El robo de reliquias
No penséis que el robo de reliquias solo se practicaba en la Edad Media. En 1981 se llevaron a punta de pistola los restos de Santa Lucía (de cuerpo entero, esta vez) de la basílica de San Jeremías. De hecho, esta era la cuarta vez que el cadáver desaparecía de su emplazamiento, y es uno de los cuerpos más robados de todos los tiempos.
También la historia de la momia de San Marcos puede ilustrar el modus operandi de los traficantes de reliquias: cuentan las crónicas que en el año 828 llegaron a Alejandría dos comerciantes venecianos, Buono da Malamocco y Rustico da Torcello. En ese viaje visitaron la iglesia del evangelista donde decían que se conservaban sus restos (cosa poco probable por el incendio que asoló la ciudad en el siglo IV).

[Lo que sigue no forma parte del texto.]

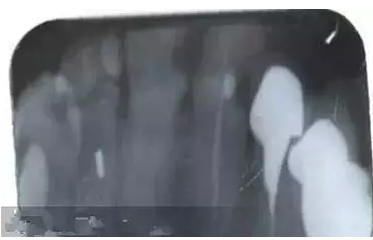 根管治療中斷針及處理方法 根管治療中斷針及處理方法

Los custodes de las reliquias les dijeron que la iglesia iba a ser destruida para construir una mezquita, por lo que los comerciantes sugirieron llevarse los restos del santo a su ciudad natal, Venecia.

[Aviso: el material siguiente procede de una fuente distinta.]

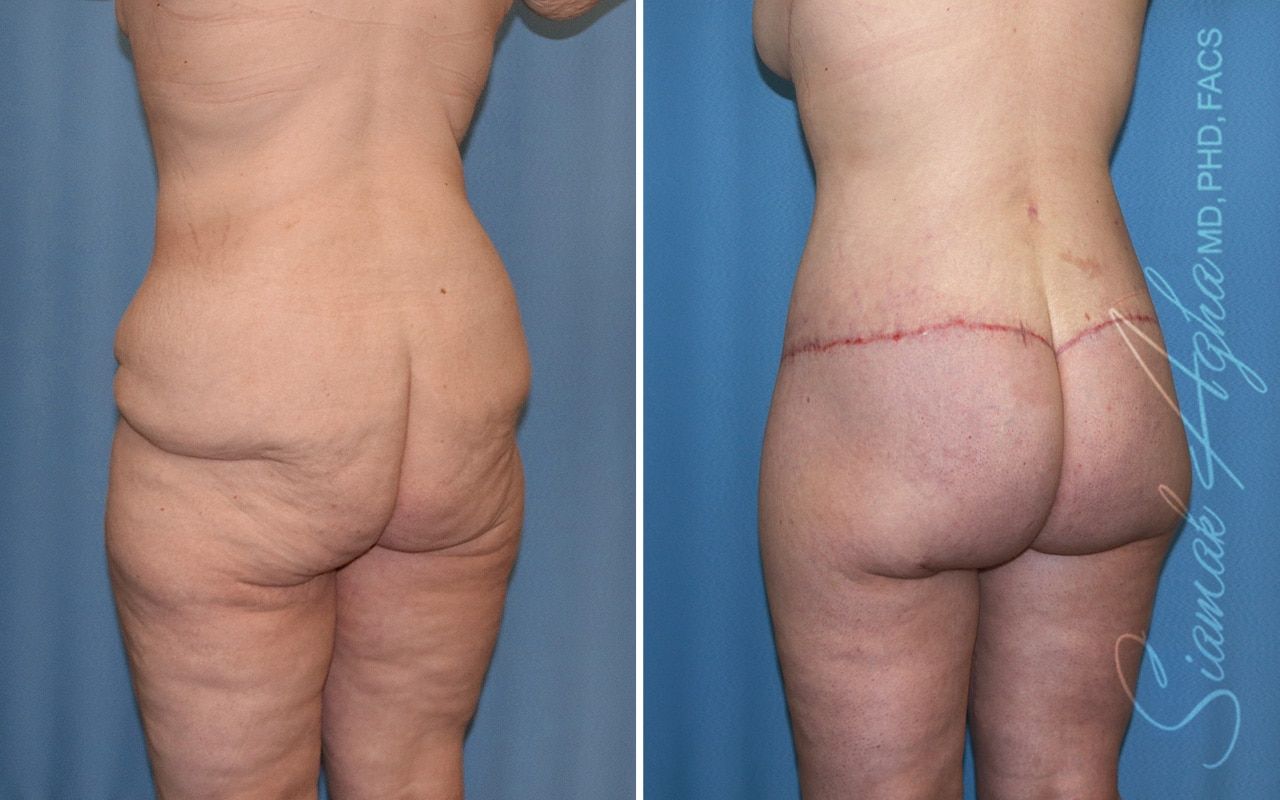 Lower Body Lift Before & After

Para poder sacar de ahí los restos del santo, metieron las reliquias en un cesto que taparon con carne de cerdo, pensando que como los musulmanes no pueden tocarla se librarían de la vigilancia de los guardianes de la ciudad, cosa que sucedió. Las reliquias llegaron a Venecia y allí siguen, aunque algunos coptos opinan que les dieron gato por liebre y que en realidad los huesos venecianos pertenecen a Alejandro Magno y fue la manera de salvarlo de un hipotético expolio.
Otro robo llamativo fue el de la cabeza de Santa Catalina de Siena, cuyo cuerpo está en la iglesia romana de Santa María Sopra Minerva. Esta vez fueron los monjes seneses los que sustrajeron la cabeza de la santa que aún hoy se puede ver en la basílica de Santo Domingo.
La picaresca de los vendedores de reliquias
Como no hay muchos santos en el calendario (y en la Edad Media eran menos aún), se ingeniaron métodos para producir más material susceptible de convertirse en reliquia. Es llamativo el caso de Santa Úrsula, de la que se dice que fue martirizada por Atila cerca de Colonia cuando iba en peregrinación a Roma acompañada por once doncellas.
Un documento de la época decía que Úrsula iba con “XI m virginum”, o sea, 11 mártires vírgenes, pero que se convirtió en once mil vírgenes, con lo que ya tenían barra libre para traficar con toda clase de huesos y telas de once mil mujeres en vez de solo once. Si os da curiosidad, podéis ver algunas de sus reliquias en el monasterio de Cañas en La Rioja.